Hardware-accelerated vectorized gradient descent for linear regression.

Architecture

To speed up linear regression one can leverage the inherent parallelism in matrix multiplication which custom hardware can effectively do in parallel.

Our design uses Xilinx's MicroBlaze processor (to control the flow of the gradient descent algorithm) and a custom IP Core (to compute the parameter updates) interfaced by AXI Stream.

Custom IP Core

Our custom IP core is a coprocessor in the true sense of the word because the MicroBlaze processor sends it instructions according to an instruction set.

The coprocessor receives, decodes and processes these instructions on its slave interface. The result (a vector of elements) is buffered to the MicroBlaze processor one element (a 32 bit word) at a time.

This results in a fairly clean, stateless implementation of the coprocessor's slave interface.

MicroBlaze processor

The MicroBlaze processor sends the coprocessor instructions (according to the instruction set) to store each element of the matrix X, vector Y, learning rate α, and parameters θ. After this, in a loop, it instructs the coprocessor to run iterations of gradient descent.

The software running on the MicroBlaze processor checks if the algorithm has converged on every iteration. A useful (but not totally accurate) approximation to declare convergence is: when the difference between the updated θ vector and the previous θ vector is below a certain threshold, then the algorithm has converged, otherwise, it hasn’t.

Timing Performance

A fixed interval timer is configured to fire events every 100000-th clock cycle. The MicroBlaze processor is interrupted on each one of these events, upon which an interrupt handler is called to increment a global counter irqCount.

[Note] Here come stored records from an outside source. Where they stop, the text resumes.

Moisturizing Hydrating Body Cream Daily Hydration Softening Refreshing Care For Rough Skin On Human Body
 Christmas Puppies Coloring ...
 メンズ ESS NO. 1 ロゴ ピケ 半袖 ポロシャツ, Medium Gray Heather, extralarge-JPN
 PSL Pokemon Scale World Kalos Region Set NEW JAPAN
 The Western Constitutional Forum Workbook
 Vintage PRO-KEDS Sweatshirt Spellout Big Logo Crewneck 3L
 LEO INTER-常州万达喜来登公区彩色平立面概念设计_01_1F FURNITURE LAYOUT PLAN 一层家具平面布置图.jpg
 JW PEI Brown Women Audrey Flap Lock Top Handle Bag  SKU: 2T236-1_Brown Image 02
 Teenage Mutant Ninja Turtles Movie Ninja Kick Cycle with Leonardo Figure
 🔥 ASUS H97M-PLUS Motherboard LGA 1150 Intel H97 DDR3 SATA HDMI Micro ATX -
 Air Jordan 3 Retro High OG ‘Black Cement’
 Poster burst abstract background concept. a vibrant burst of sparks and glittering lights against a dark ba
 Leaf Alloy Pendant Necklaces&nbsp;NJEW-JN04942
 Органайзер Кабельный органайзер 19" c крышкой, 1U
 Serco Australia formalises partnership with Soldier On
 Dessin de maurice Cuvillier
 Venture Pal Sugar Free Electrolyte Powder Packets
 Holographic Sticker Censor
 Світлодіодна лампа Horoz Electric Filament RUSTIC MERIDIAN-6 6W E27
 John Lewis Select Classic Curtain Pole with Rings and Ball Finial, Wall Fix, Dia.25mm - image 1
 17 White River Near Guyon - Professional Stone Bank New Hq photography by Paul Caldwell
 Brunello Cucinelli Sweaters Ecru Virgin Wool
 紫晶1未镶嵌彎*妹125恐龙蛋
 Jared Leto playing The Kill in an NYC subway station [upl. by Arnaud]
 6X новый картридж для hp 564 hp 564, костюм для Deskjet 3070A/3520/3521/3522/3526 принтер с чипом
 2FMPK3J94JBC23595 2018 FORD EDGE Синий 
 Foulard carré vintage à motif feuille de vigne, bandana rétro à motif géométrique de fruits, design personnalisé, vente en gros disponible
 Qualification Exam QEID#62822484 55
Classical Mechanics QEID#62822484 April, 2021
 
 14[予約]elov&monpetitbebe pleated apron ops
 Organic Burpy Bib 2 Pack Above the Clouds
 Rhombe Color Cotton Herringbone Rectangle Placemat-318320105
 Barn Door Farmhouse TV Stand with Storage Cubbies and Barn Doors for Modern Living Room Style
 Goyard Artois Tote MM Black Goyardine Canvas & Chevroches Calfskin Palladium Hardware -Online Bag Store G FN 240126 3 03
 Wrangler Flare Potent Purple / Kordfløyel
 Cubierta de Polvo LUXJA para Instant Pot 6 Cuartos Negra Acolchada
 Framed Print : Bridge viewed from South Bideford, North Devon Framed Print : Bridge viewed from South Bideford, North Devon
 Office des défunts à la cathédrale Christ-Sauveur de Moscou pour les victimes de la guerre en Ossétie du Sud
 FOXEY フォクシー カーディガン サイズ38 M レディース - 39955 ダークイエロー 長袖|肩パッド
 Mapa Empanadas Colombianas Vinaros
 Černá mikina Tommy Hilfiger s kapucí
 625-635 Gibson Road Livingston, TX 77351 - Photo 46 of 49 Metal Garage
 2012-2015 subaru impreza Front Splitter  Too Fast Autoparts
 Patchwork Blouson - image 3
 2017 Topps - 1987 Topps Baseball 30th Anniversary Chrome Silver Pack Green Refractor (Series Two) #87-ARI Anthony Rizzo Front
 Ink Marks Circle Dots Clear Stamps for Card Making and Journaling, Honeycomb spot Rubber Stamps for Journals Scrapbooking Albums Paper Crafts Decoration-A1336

We can reset this counter when we want to start timing some task and simply look at the counter when we know said task has finished.

We can estimate the time elapsed T as a function of the interrupt counter irqCount, the clock’s period period and the frequency of the fixed interval timer fit.

T = period × irqCount × fit

Results

On a small dataset we observed 8x speedup in performance relative to a pure software implementation running on the MicroBlaze processor alone. On larger datasets it is expected that this difference is more significant.

However, there is still room for improvement. Rather than computing the gradient over all the samples of the dataset, one could compute the gradient for every k-subsample of the dataset in parallel and combine them together, effectively doing what is called map-reduce batch gradient descent.